Le vent n'était pas trop fort. Alors je suis sorti de la tente, pour partir dans la pente. Vers le haut. Parce que là-haut, il n'y a plus de vent, plus de pensée, plus de douleur. Parce que là-haut, au bout des forces du corps, il y a la paix de l'esprit.
Annie n'a pas de bâton. J'en ai deux. Je lui en donne un. Elle part. Elle ne m'attendra pas, pas plus que les jours précédents. En fait, c'est le troisième jour que je monte seul. Enfin, là, je monte en même temps que trois Suisses à qui je tire le portrait de temps en temps. Ils ont assisté depuis le début à la désagrégation de notre "équipe". Ils m'encouragent et je monte. Merci à eux.
Sous le sommet, je croise mes "compagnons" qui redescendent sans m'attendre :
"- Ben dis donc, t'y es pas encore ! Ça monte raide, puis un long plat, ensuite les rochers, enfin l'arête. À ton rythme, t'en as bien pour une heure et demie !"
Tiens, rien que pour te faire mentir, je mets la gomme. Au sommet, je vois Alexis qui m'attend. Lui, il fait son métier.
Et trois quarts d'heure plus tard, ça y est, je ne peux plus monter. Passer du souffle brisé par l'effort au souffle coupé par la beauté. C'est ça, le bonheur ? Alexis aussi est heureux. C'est magique, nous sommes au-dessus des nuages. Alexis me prend en photo et nous partageons le thé chaud qui coule du thermos. Puis nous nous ruons dans la descente. Objectif, le camp de base ce soir.

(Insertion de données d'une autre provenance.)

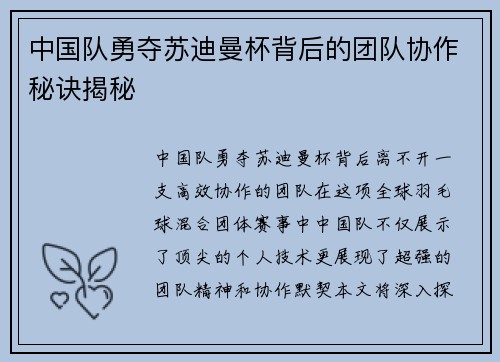 中国队勇夺苏迪曼杯背后的团队协作秘诀揭秘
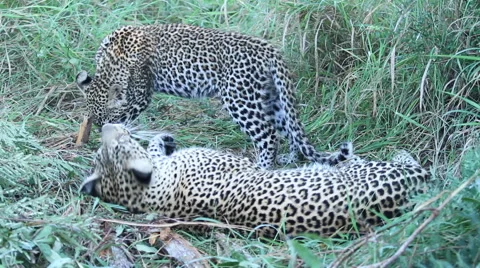 Leopard Cub with Mother Grooming Stock Footage 41640562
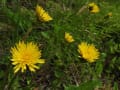 野の花が次々と開花しています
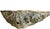 On offer is a natural giant fossilized clam shell, which at nearly 20 inches long can be used as a natural history...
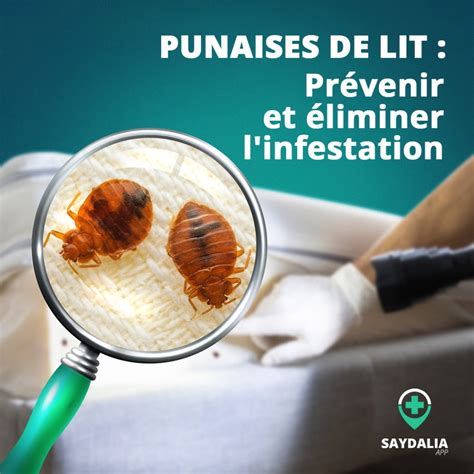 Punaises De Lit Comment Pr Venir Et Liminer L Infestation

Nous n'y arriverons pas. La nuit nous arrête au Camp I. Sous la tente avec mes trois "compagnons", exténué, c'est moi qui prépare à manger et qui me tape la corvée d'eau à 10h du soir sous la neige qui tombe. C'est ça, l'esprit montagnard ?
Ça avait commencé au Camp I du Vorobiova, après la descente à skis :
"- Ben alors, je t'ai pas vu godiller ?"
Normal, vu le temps que tu as mis, tu ne m'as pas vu du tout !

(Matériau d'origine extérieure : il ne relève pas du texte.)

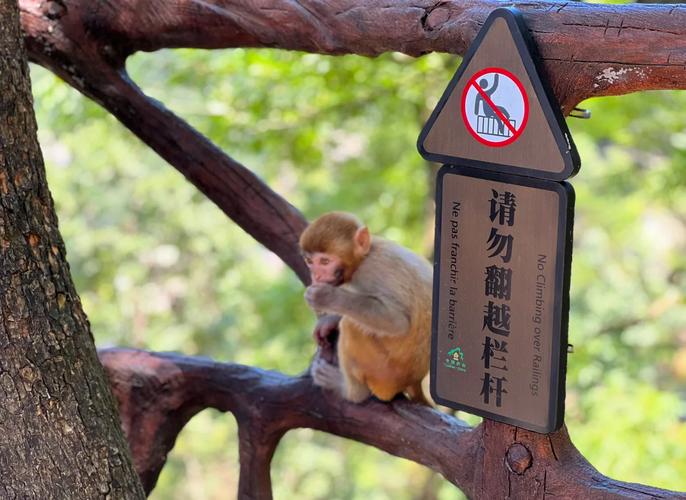 最快捷的锦绣谷到达路线？多种方法带你轻松抵达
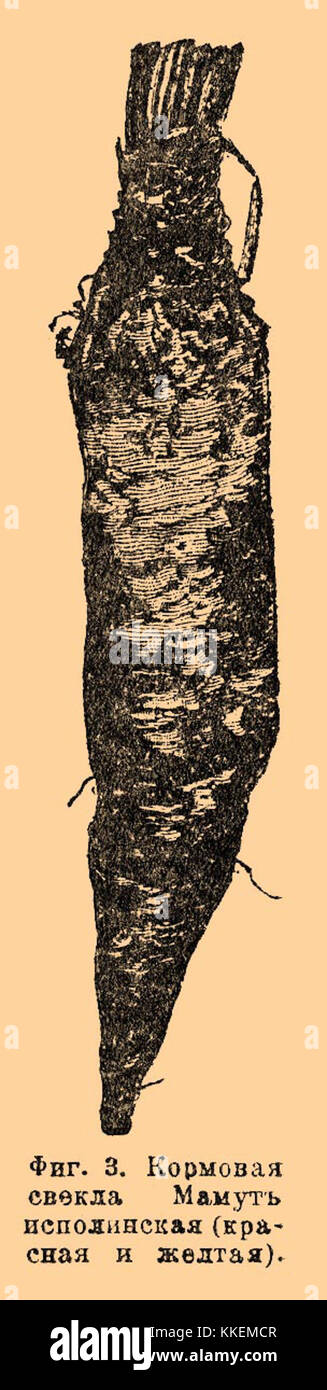 Il Brockhaus and Efron Enciclopedic Dictionary è un'enciclopedia completa in lingua russa pubblicata tra il 1890 e il 1907. Si compone di 86 volumi, contenenti oltre 121.000 articoli, 7.800 immagini e 235 mappe. Tra i contributori più importanti ci sono Dmitri Mendeleev e Vladimir Solovyov. Foto Stock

"- Retourne-toi et regarde les traces.
- La trace de gauche, c'est pas une trace de godille !"
C'est la tienne ! Devant une telle mauvaise foi, ce n'est même pas la peine de discuter.
Et l'autre qui ramène sa fraise : "C'est pas rentable, vos skis : à pied, j'arrive en même temps que vous !"
Oui, mais toi, tu n'as pas eu le plaisir (rare) de descendre un couloir de 700 m de dénivelée en excellente neige à 5000 m d'altitude.
Jeudi 11 Août, 12h au C I du Pic du Communisme, 5200 m.
J'arrive décomposé. C'est l'hypoglycémie caractérisée. Je m'assieds dans un silence glacial (par +15°C !). Me reprocherait-on d'être arrivé si tard ?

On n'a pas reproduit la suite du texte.